◆ Task goal
In the records below, find the line containing "Fire Fly Avenue, Swindon, Wiltshire, SN2 2GD" and print it and every line after it exactly, through the end. Skip pictures.

◆ Input material
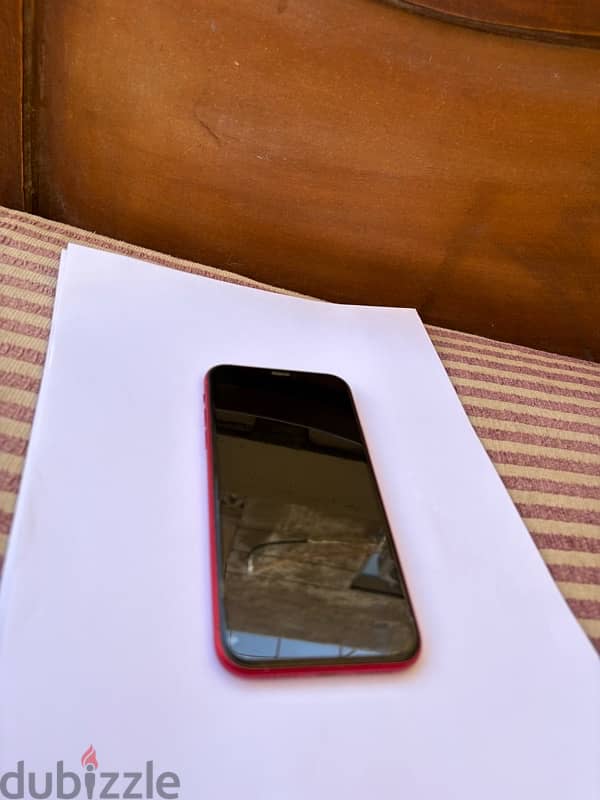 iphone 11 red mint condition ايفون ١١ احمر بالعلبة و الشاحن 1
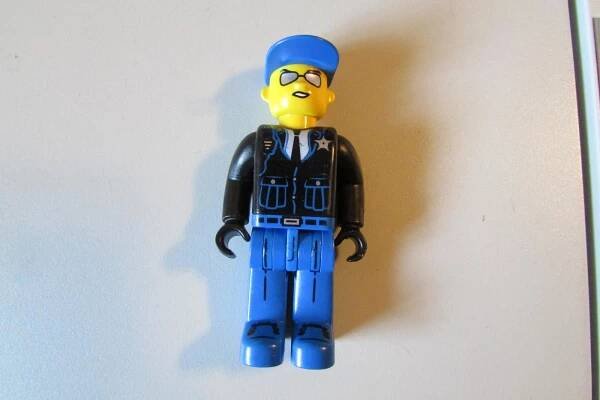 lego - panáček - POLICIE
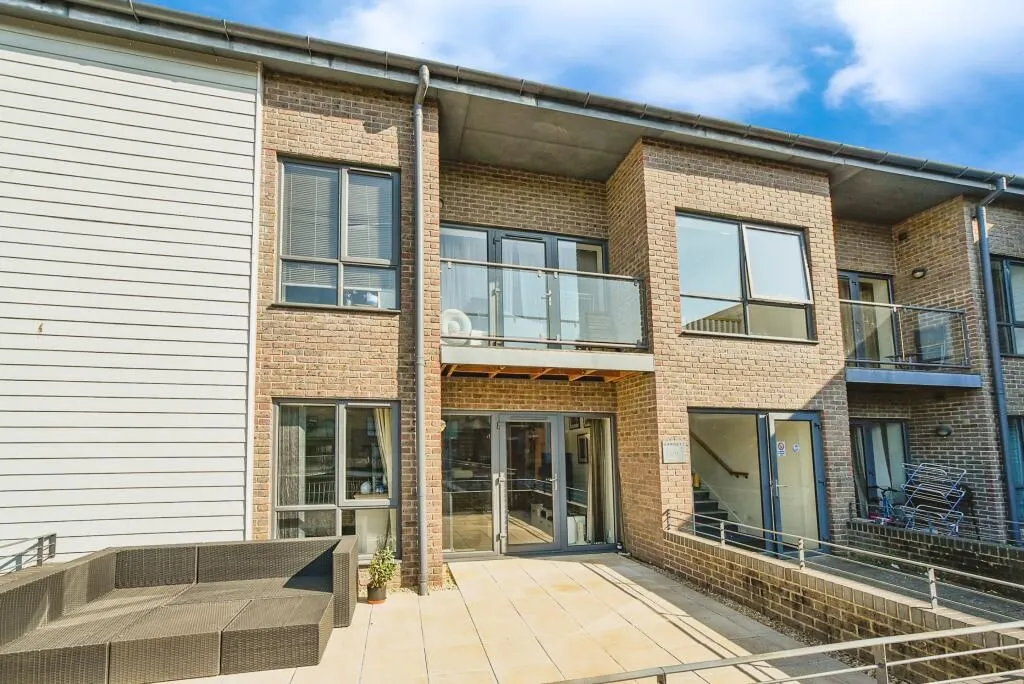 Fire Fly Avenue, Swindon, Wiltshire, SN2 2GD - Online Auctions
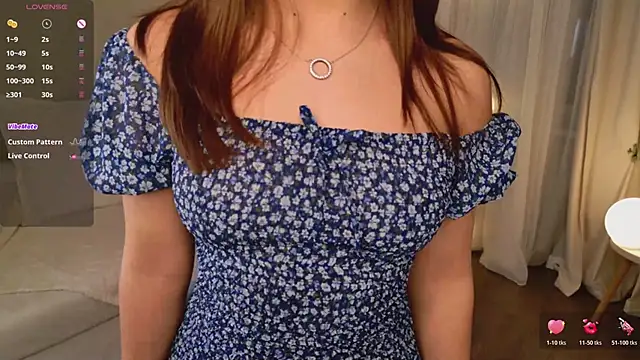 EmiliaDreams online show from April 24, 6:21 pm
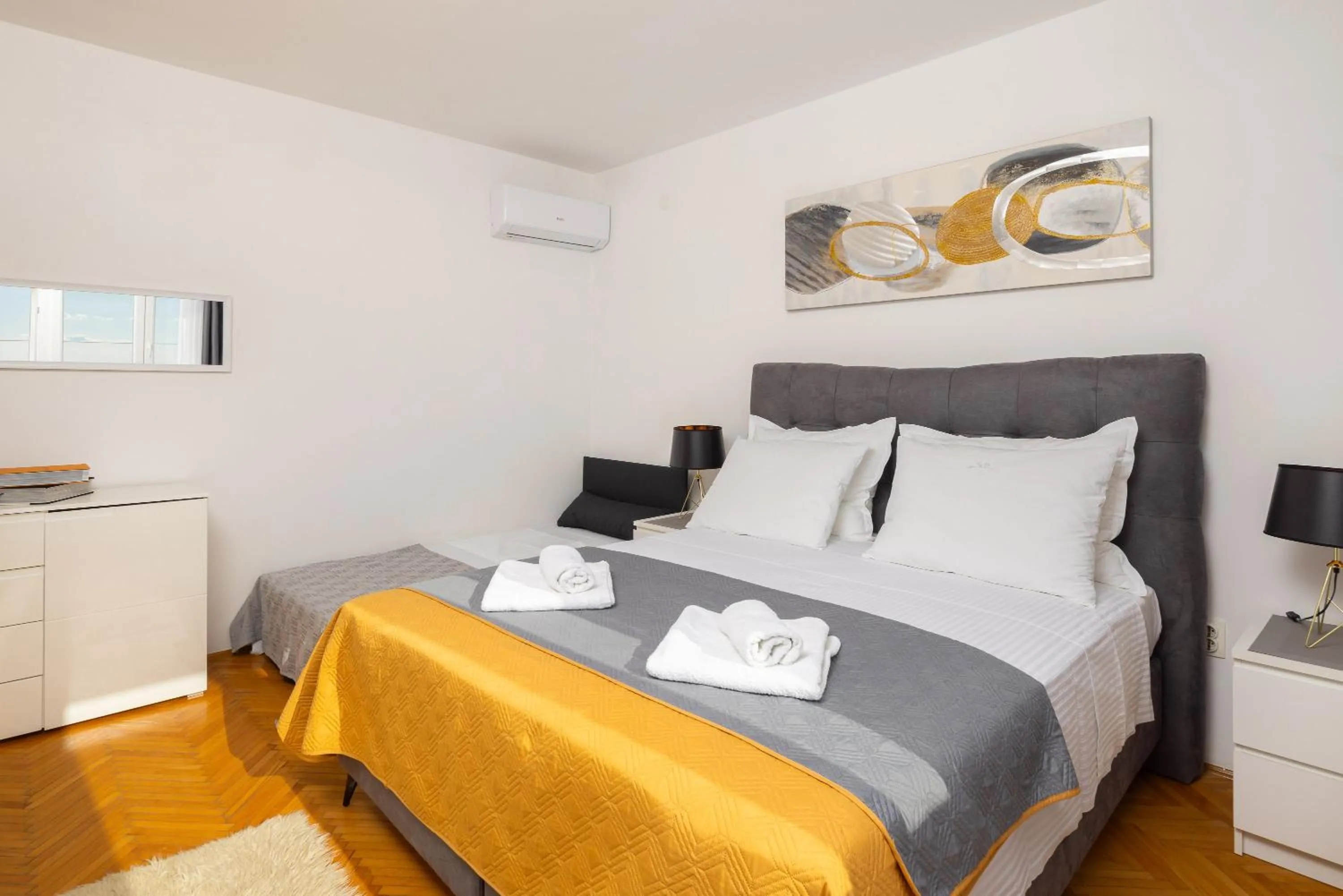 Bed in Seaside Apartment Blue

◆ Output for this exercise
 Fire Fly Avenue, Swindon, Wiltshire, SN2 2GD - Online Auctions
 EmiliaDreams online show from April 24, 6:21 pm
 Bed in Seaside Apartment Blue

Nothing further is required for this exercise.